Community
    • Login

    Search for inconsistent line endings with a regex? (part 2)

    Scheduled Pinned Locked Moved Help wanted · · · – – – · · ·
    29 Posts 5 Posters 5.1k Views
    Loading More Posts
    • Oldest to Newest
    • Newest to Oldest
    • Most Votes
    Reply
    • Reply as topic
    Log in to reply
    This topic has been deleted. Only users with topic management privileges can see it.
    • guy038G
      guy038
      last edited by guy038

      Hello, @alan-kilborn,

      I’ll study your last solution, on Monday 18 ( Again, I’m away on a three-day ski trip 😉 )

      Best Regards,

      guy038

      1 Reply Last reply Reply Quote 0
      • guy038G
        guy038
        last edited by

        Hello, @ekopalypse, @alan-kilborn, and All,

        Like you proposed, @alan-kilborn, the enhanced script becomes :

        check = True
        
        false_EOL = {0:'$[^\r][^\n]',  # Miss the TWO chars \r\n at 'end of line' as editor.getEOLMode() = 0 ( Windows   EOL )
                     1:'\n',           # Should be \r                             as editor.getEOLMode() = 1 ( Macintosh EOL )
                     2:'\r',           # Should be \n                             as editor.getEOLMode() = 2 ( Unix      EOL )
                    }
        
        def check_eol(match):
            global check
            check = False
            line_of_first_mismatch = editor.lineFromPosition(match.span(0)[1])
            notepad.messageBox('Different EOLS detected -- the first inconsistency is on line ' + str(line_of_first_mismatch),'EOL Mismatch', 0)
            user_input = notepad.prompt('Convert all line-endings in file?\r\nIf so, enter 0 for CRLF, 1 for CR, 2 for LF',
                'INCONSISTENT LINE-ENDINGS DETECTED!', editor.getEOLMode())
            if user_input is not None:
                desired_eol_index = int(user_input)
                if 0 <= desired_eol_index <= 2:
                    eol_cmd_list = [
                        MENUCOMMAND.FORMAT_TODOS,
                        MENUCOMMAND.FORMAT_TOMAC,
                        MENUCOMMAND.FORMAT_TOUNIX,
                    ]
                    if desired_eol_index == editor.getEOLMode():
                        notepad.menuCommand(eol_cmd_list[(desired_eol_index + 1) % 3])  # change to UNDESIRED line-endings
                    notepad.menuCommand(eol_cmd_list[desired_eol_index])                # change to DESIRED   line-endings
        
        editor.research(false_EOL[editor.getEOLMode()],     # regex to search for
                        check_eol,                          # function to call if regex match
                        0,                                  # re flags
                        0,                                  # START of file
                        editor.getLength(),                 # END   of file
                        1)                                  # count ( at FIRST match )
        
        if check == True:
            notepad.messageBox('All EOLS correct','EOL check', 0)
        

        Now, given this simple text :

        This
        is
        a
        little
        test
        to   
        try
        if
        OK
        
        • With Windows (CR LF) in the status bar

        • With line 4 ending with CR

        • line 6 ending with 3 spaces + LF

        • And all the other lines ending with CRLF

        When running the script, it said :

        Different EOLS detected -- The first inconsistency is on line 6, although it should be on line 4 ending with CR !


        Still searching for other oddities :-)

        Best Regards,

        guy038

        Alan KilbornA 1 Reply Last reply Reply Quote 0
        • Alan KilbornA
          Alan Kilborn @guy038
          last edited by Alan Kilborn

          @guy038 said :

          Different EOLS detected – The first inconsistency is on line 6, although it should be on line 4 ending with CR !

          Well… that seems to be because $[^\r][^\n] (when searching from top of file) misses line 4 and matches the LF at the end of line 6 and the t at the start of line 7.

          The original regex of \r[^\n]|[^\r]\n seems to work better…

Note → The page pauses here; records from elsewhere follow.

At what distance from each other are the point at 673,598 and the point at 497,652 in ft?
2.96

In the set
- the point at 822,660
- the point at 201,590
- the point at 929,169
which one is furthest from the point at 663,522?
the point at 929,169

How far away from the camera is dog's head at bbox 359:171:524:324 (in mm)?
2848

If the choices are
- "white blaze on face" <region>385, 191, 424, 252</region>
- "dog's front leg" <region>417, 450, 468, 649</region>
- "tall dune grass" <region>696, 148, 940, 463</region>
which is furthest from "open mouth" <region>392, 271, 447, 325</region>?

          1 Reply Last reply Reply Quote 1
          • Alan KilbornA
            Alan Kilborn
            last edited by Alan Kilborn

            I noticed that other odd things can happen.

            Example:

            I created a Unix (LF) file and put some lines in it, and then changed one of the line’s endings to CRLF:

            7f90b7d9-e102-4085-b25e-5b6da0751f0a-image.png

            The status bar said:

            59a293bc-e6fd-48b2-8081-f8afd1617d9f-image.png

            Running the script said:

            04f26430-725b-4649-bec5-02d06d797169-image.png

            but it should have said line 3.

            Moving to the PS console window and checking the EOL mode, I discovered:

            54577d16-e3b9-4f83-aded-accfafc391c3-image.png

            So I seem to have found a case where something is out of sync: Notepad++ 's status bar says LF for line-endings, but the Scintilla buffer says something different (CRLF).

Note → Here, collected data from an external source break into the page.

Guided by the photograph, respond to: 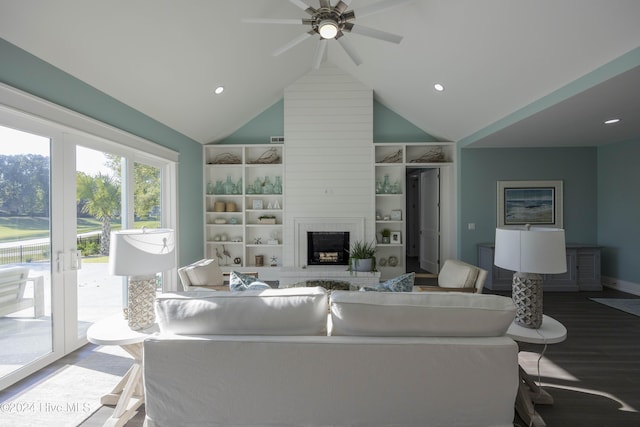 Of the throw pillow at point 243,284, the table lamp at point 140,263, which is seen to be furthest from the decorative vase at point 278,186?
the table lamp at point 140,263

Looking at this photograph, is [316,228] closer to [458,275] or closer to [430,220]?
[430,220]

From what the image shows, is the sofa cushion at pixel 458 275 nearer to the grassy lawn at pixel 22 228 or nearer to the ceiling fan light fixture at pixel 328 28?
the ceiling fan light fixture at pixel 328 28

            EDIT: I seem to have figured out why: The editorconfig plugin seems to be interfering. I have it set for CRLF for the file in question. However, I’d have thought that this plugin only does things when I save a file, and in the above I’ve not saved the data. Oh, well, (non)problem solved.

            1 Reply Last reply Reply Quote 2
            • Alan KilbornA
              Alan Kilborn
              last edited by

              This time I’ve found a real bug in the script, and it is with the code I suggested:

              Buggy code:

                  line_of_first_mismatch = editor.lineFromPosition(match.span(0)[1])
                  notepad.messageBox('Different EOLS detected -- the first inconsistency is on line ' + str(line_of_first_mismatch),'EOL Mismatch', 0)
              

              Better code:

                  line_of_first_mismatch = editor.lineFromPosition(match.span(0)[0])
                  notepad.messageBox('Different EOLS detected -- the first inconsistency is on line ' + str(line_of_first_mismatch + 1),'EOL Mismatch', 0)
              
              1 Reply Last reply Reply Quote 1
              • guy038G
                guy038
                last edited by guy038

                Hello, @ekopalypse, @alan-kilborn and All,

                Ah…, OK. I see the problem ! Now, Alan, if you try this script on files with more than 500,000 lines, the regex \r[^\n]|[^\r]\n return an error whereas the regex $[^\r][^\n] works correctly and displays the expected message All EOLS correct


                Thus, I decided that this behaviour is of higher importance compared to knowing which is the first mismatched line found ! I, then, changed this script as below :

                check = True
                
                false_EOL = {0:'$[^\r][^\n]',  # Miss the TWO chars \r\n at 'end of line' as editor.getEOLMode() = 0 ( Windows   EOL )
                             1:'\n',           # Should be \r                             as editor.getEOLMode() = 1 ( Macintosh EOL )
                             2:'\r',           # Should be \n                             as editor.getEOLMode() = 2 ( Unix      EOL )
                            }
                
                def check_eol(match):
                    global check
                    check = False
                    user_input = notepad.prompt('Convert ALL line-endings of CURRENT file ( 0 for CRLF, 1 for CR, 2 for LF )',
                        'INCONSISTENT line-endings DETECTED !', editor.getEOLMode())
                    if user_input is not None:
                        desired_eol_index = int(user_input)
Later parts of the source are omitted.